Schulleiter Christoph Müller, Ursula Schwoerer und Matthias Spanrad nahmen für das MGF am internationalen Symposium in Zug teil.
Schulleiter Christoph Müller, Ursula Schwoerer und Matthias Spanrad nahmen für das MGF am internationalen Symposium in Zug teil.

Schulleiter Christoph Müller und zwei Mitglieder der Erweiterten Schulleitung nahmen am internationalem Bildungs- und Schulleitungssymposium in Zug in der Schweiz teil.

Die Digitalisierung von Lehr- und Lernprozessen, aber auch allgemein die Zukunft des Schulwesens sind zentrale Themen unserer aktuellen Bildungslandschaft. Um sich über aktuelle Tendenzen in diesen Bereichen zu informieren, verbrachten Schulleiter Christoph Müller und zwei Mitglieder der Erweiterten Schulleitung am Maristen-Gymnasium, Ursula Schwoerer und Matthias Spanrad, in der letzten Ferienwoche drei Tage in Zug in der Schweiz. Alle drei nahmen am Internationalen Bildungs- und Schulleitungssymposium der Pädagogischen Hochschule Zug teil, das in diesem Jahr unter dem Motto „Bildung 5.0? Zukunft des Lernens – Zukunft der Schule“ stand.

Während sich die Welt immer rasanter wandelt, muss sich die Bildungslandschaft verstärkt den Vorwurf gefallen lassen, mit dieser Entwicklung nicht schritthalten zu können.
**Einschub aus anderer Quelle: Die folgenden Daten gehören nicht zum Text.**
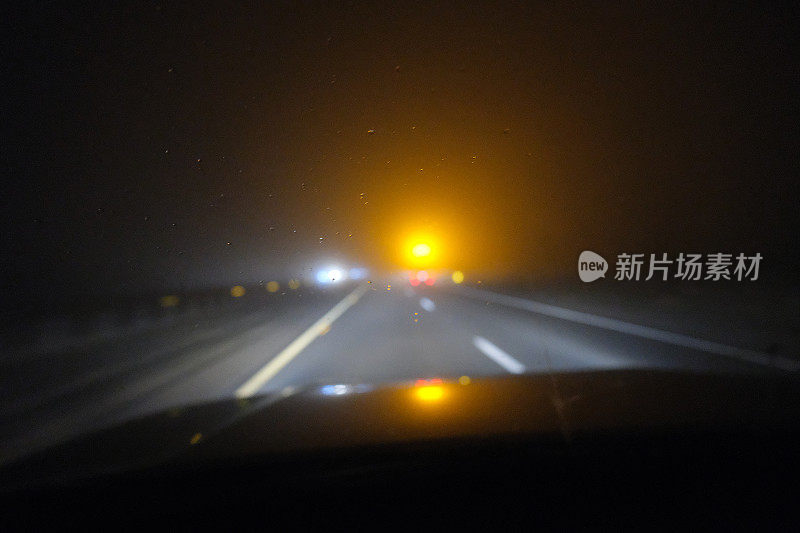 在大雾中行驶在加州高速公路上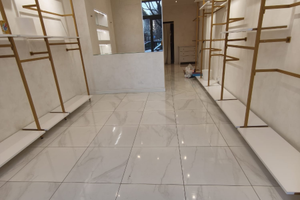 Locale commerciale di 53 m.q. in Santa Rita,Torino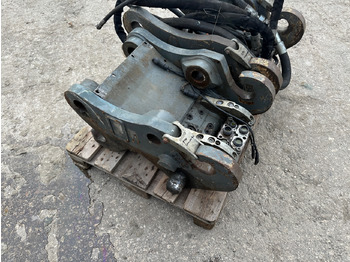 Attache rapide LIEBHERR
Nicht selten stellt sich überdies die Frage, wie die Lehr- und Lernlandschaft gestaltet werden kann, um den Kindern und Jugendlichen gerecht zu werden, die nach Abschluss ihres Schullebens in die digitale Welt entlassen werden. Ein gutes Forum für die zahlreichen Fragen nach der Zukunft von Schule und Bildung bietet dabei das internationale Bildungs- und Schulleitungssymposium in Zug (Schweiz), das alle zwei Jahre vom Institut für Bildungsmanagement und Bildungsökonomie (IBB) der Pädagogischen Hochschule Zug unter der Leitung von Professor Dr. Stephan Huber, einem renommierten Wissenschaftler und Leiter des IBB, veranstaltet wird. Für die MGF-Verantwortlichen stellte das Symposium eine hervorragende Möglichkeit dar, nicht nur auf dem Laufenden zu bleiben in aktuellen Bildungsfragen, „auch können wir hier sehr gut unsere eigene Arbeit am MGF und die Herausforderungen und Fragestellungen, die sich uns stellen, evaluieren“, berichtet Schulleiter Christoph Müller in Zug. Eine große Anzahl von Experten von internationalem Renommee hielten in Zug Vorträge, luden aber auch ein zu Workshops und zum Austausch. „Auch in diesem Jahr konnten wir uns wieder Anregungen holen, wie wir unsere Arbeit in Furth verbessern können, do dass die uns anvertrauten Kinder und Jugendlichen die bestmögliche Bildung und Erziehung erwerben“, ergänzt Müller. „Auch lassen sich hier in Zug hervorragend neue Kontakte knüpfen. Wir schauen dabei bewusst über den Tellerrand Bayerns und Deutschlands hinaus. Bildung kennt in unserer Zeit keine Grenzen – es ist interessant und gewinnbringend, das, was wir in Furth und in Bayern machen, in Bezug zu setzen zu dem, was in Schweden, den USA, Hong Kong oder Australien (Stichwort Hattie-Studie) geforscht, gedacht und an den Schulen umgesetzt wird. Müller: „Ich danke in diesem Zusammenhang ausdrücklich der Schulstiftung der Diözese Regensburg – und zwar dafür, dass die Verantwortlichen im Bistum zusammen mit dem Landkreis Landshut am MGF Rahmenbedingungen schaffen, die es uns ermöglichen, auf diesem Niveau arbeiten zu dürfen.“

Wertvoll waren für die Teilnehmer aus Furth insbesondere die zahlreichen Vorträge von Bildungsexperten aus aller Welt. Etwa von Organisator Professor Stephan Huber selbst: Huber stellte in seiner Begrüßung im Casino-Theater Zug heraus, dass der Wohlstand einer Gesellschaft in hohem Maße vom Bildungsstand abhängig sei. „Deshalb“, so der Professor, „ist es so wichtig, dass wir möglichst viel in Bildung investieren.“ Und auch vor der Digitalisierung dürfe man sich nicht verschließen, warnte Huber weiter. „Jedoch fehlen oft Konzepte zur richtigen Nutzung.“ Sowieso sei es der Umgang mit der Digitalisierung, der hinterfragt werden müsse, so Professor Huber. War es lange – Schlagwort Digitalisierung 4.0 – wichtig, den Umgang mit den Medien an Kinder und Jugendliche weiterzugeben, müsse die Entwicklung nun weitergehen, quasi als Digitalisierung bzw. Bildung 5.0. „Immer wichtiger wird hier die Haltungsfrage, es müssen Werte für den Umgang mit Medien entwickelt werden“, warnte Professor Stephan Huber in Zug.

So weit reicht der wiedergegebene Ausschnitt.